Pour utiliser kubectl, vous devez d'abord le configurer pour qu'il sache à quel cluster s'adresser et avec quelles informations d'authentification. Cela se fait généralement via un fichier de configuration appelé kubeconfig (souvent situé dans ~/.kube/config), qui contient les détails des différents clusters, utilisateurs et contextes que vous pouvez utiliser. Les outils d'installation de cluster (comme Minikube, Kind, ou les fournisseurs cloud) configurent souvent ce fichier automatiquement pour vous.

Structure et commandes courantes de kubectl

La structure générale d'une commande kubectl est la suivante :

kubectl [commande] [TYPE] [NOM] [flags]
  • commande : L'action que vous souhaitez effectuer (ex: get, describe, create, apply, delete, logs, exec).
  • TYPE : Le type d'objet Kubernetes sur lequel vous voulez agir (ex: pod, service, deployment, node, namespace). Le type est souvent sensible à la casse et peut avoir des formes abrégées (ex: po pour pod, svc pour service, ns pour namespace).
  • NOM : Le nom spécifique de l'objet (optionnel pour certaines commandes comme get qui peut lister tous les objets d'un type).
  • flags : Des options supplémentaires pour modifier le comportement de la commande (ex: -n pour spécifier un namespace, -o yaml ou -o json pour changer le format de sortie, -f pour appliquer une configuration depuis un fichier).
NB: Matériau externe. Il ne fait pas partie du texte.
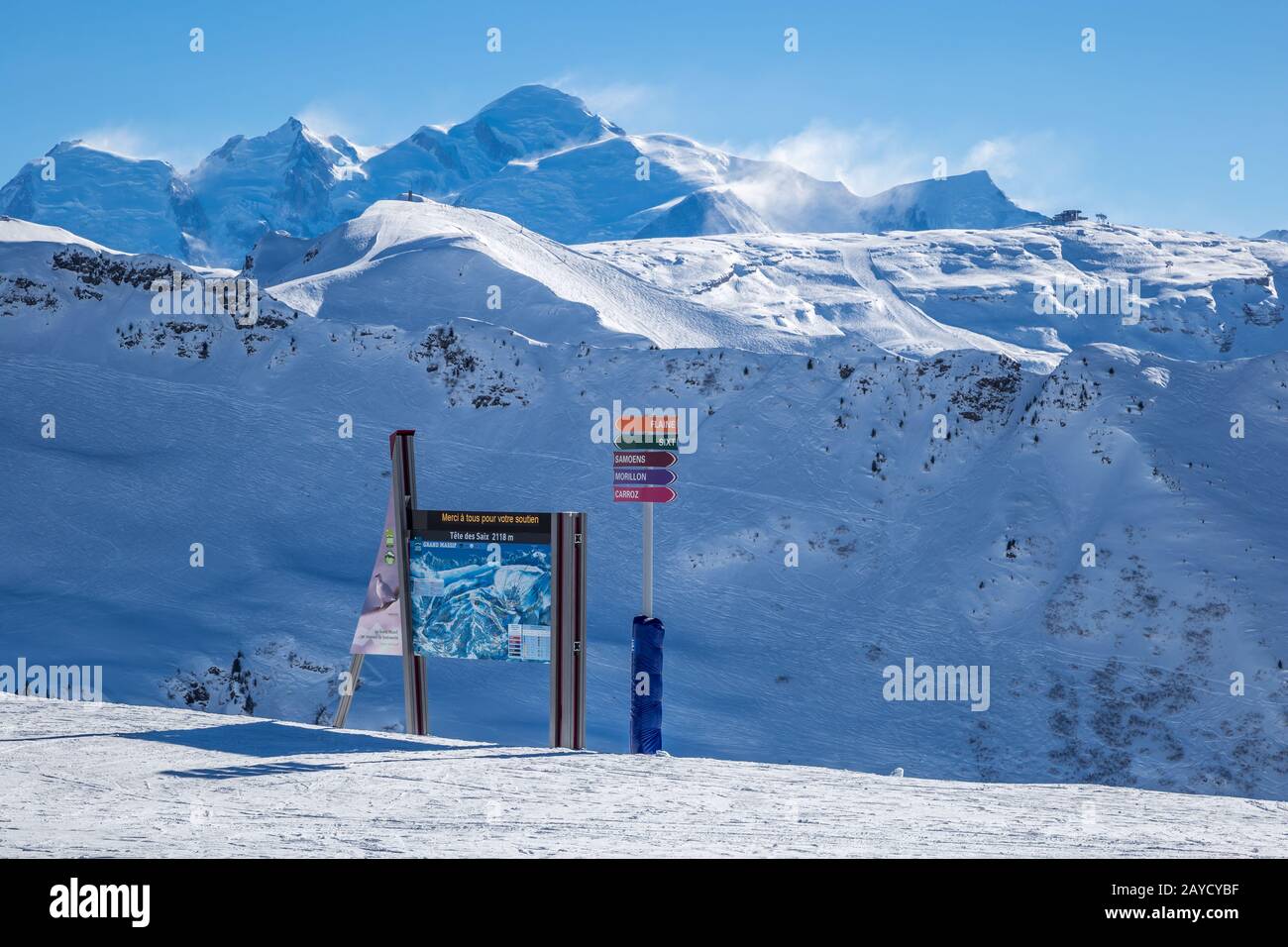 Pics de montagne avec téléphérique et pistes de ski Banque D'Images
Voici quelques exemples de commandes très courantes :
- Lister tous les Pods dans le namespace courant :

kubectl get pods
- Obtenir des informations détaillées sur un Pod spécifique nommé "mon-pod" :
kubectl describe pod mon-pod
- Appliquer la configuration définie dans un fichier YAML :
kubectl apply -f mon-appli.yaml
- Supprimer un Déploiement nommé "mon-deploiement" :
kubectl delete deployment mon-deploiement
- Afficher les logs d'un Pod :
kubectl logs mon-pod

La maîtrise de kubectl est une compétence essentielle. Au fur et à mesure que vous progresserez, vous découvrirez des commandes et des options plus avancées, mais ces bases vous permettront déjà d'effectuer les opérations les plus fréquentes. N'hésitez pas à utiliser kubectl --help ou kubectl --help pour explorer toutes les possibilités.
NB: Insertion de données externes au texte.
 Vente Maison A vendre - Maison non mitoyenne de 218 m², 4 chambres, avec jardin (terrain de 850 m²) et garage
La relation symbiotique : kubectl parle à l'API

Il est crucial de retenir que kubectl n'est qu'une interface, un traducteur. Chaque commande que vous tapez avec kubectl est transformée en une ou plusieurs requêtes HTTP envoyées à l'API Server de Kubernetes. L'API Server valide ensuite la requête, interagit avec etcd pour lire ou écrire l'état, et coordonne les actions nécessaires avec les autres composants du cluster (comme le Kubelet sur les Noeuds pour démarrer ou arrêter des conteneurs).
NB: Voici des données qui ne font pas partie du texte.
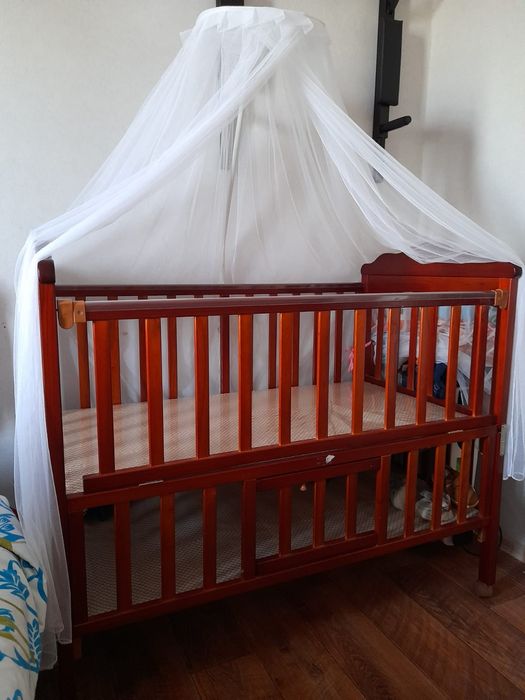 Продаётся Детский кровать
Cette architecture découplée est puissante. Elle signifie que kubectl n'est pas le seul moyen d'interagir avec Kubernetes. Des tableaux de bord web (dashboards), des outils d'automatisation (comme les opérateurs Kubernetes ou les outils de CI/CD), et vos propres scripts peuvent tous utiliser la même API pour gérer le cluster. kubectl est simplement l'outil en ligne de commande standardisé et le plus direct pour les humains.

En comprenant à la fois le rôle central de l'API et le fonctionnement de kubectl comme client de cette API, vous avez désormais une vision claire du principal mécanisme d'interaction avec un cluster Kubernetes. C'est la base sur laquelle nous allons construire pour explorer la création et la gestion de ressources concrètes dans les chapitres suivants.